The Continued Push for Whistleblower Reform

August 21, 2012

AALL recently signed on to this open letter to members of Congress to urge completion of the landmark, decades-long legislative effort to restore credible whistleblower rights for federal employees. While the Senate passed its Whistleblower Protection Enhancement Act (WPEA), S. 743, in May 2012, the House has not yet considered its bill, H.R. 3289. Signed by 141 diverse groups ranging from the Sierra Club to the National Organization for Women and including the Southeastern Chapter of AALL (SEAALL) and Susan Nevelow Mart, director of the William A. Wise Law Library at the University of Colorado at Boulder, the letter calls for swift action to “send a final bill to the President’s desk that includes the best of both H.R. 3289 and S. 743—not a watered-down version.”

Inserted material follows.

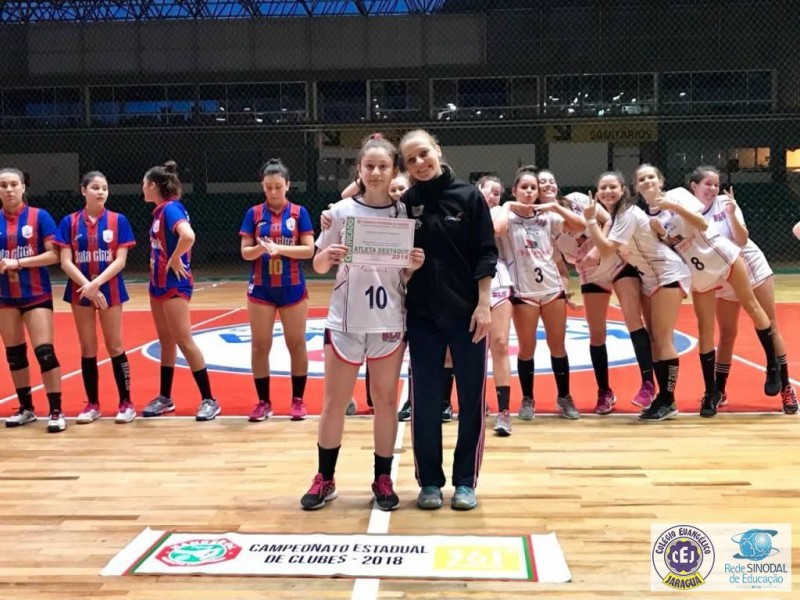 Atleta do CEJ é selecionada pela Confederação Brasileira de Handebol!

AALL has long supported the need for improved protections for federal whistleblowers. Whistleblowers protect taxpayer dollars and help to ensure government accountability by speaking out against waste, fraud, and abuse. Government employees who blow the whistle also act as an alert system for problems and issues within the government that can impair the public’s right to know.  In fact, it was an Environmental Protection Agency (EPA) whistleblower that first alerted AALL to the proposed closure of the EPA libraries in 2006.

Since Congress last revised the Whistleblower Protection Act in 1994, a series of court decisions and a flawed administrative process have eroded the law so that it no longer adequately protects government whistleblowers. The current law must be enhanced to provide better protections for federal employees who wish to legally report problems at their agencies.  By passing a strong bipartisan whistleblower reform law, Congress would ensure more efficient, transparent, and accountable government and save taxpayer money.

For more information on the Whistleblower Protection Enhancement Act, see AALL’s advocacy one-pager, written in January 2012 by Emily M. Janoski-Haehlen of the 2012-2013 Government Relations Committee.  Be sure to also check out AALL’s Formal Statements for the latest on our legislative positions and coalition work, including that on the WPEA.

Taking Advantage of the August Recess

August 17, 2012

You’ve likely noticed it around your office and during your morning commute. Even at your local grocery store and community pool, you’ve felt the effects. It’s August and it seems that just about everyone is on vacation. Where crowds once were, there are now only the few and far between.

Congress, too, has emptied out as August recess sends legislators across the county back to their home districts and states. With the November election looming, your members of Congress will be spending much of their time campaigning at home, talking with constituents and hearing the concerns of voters.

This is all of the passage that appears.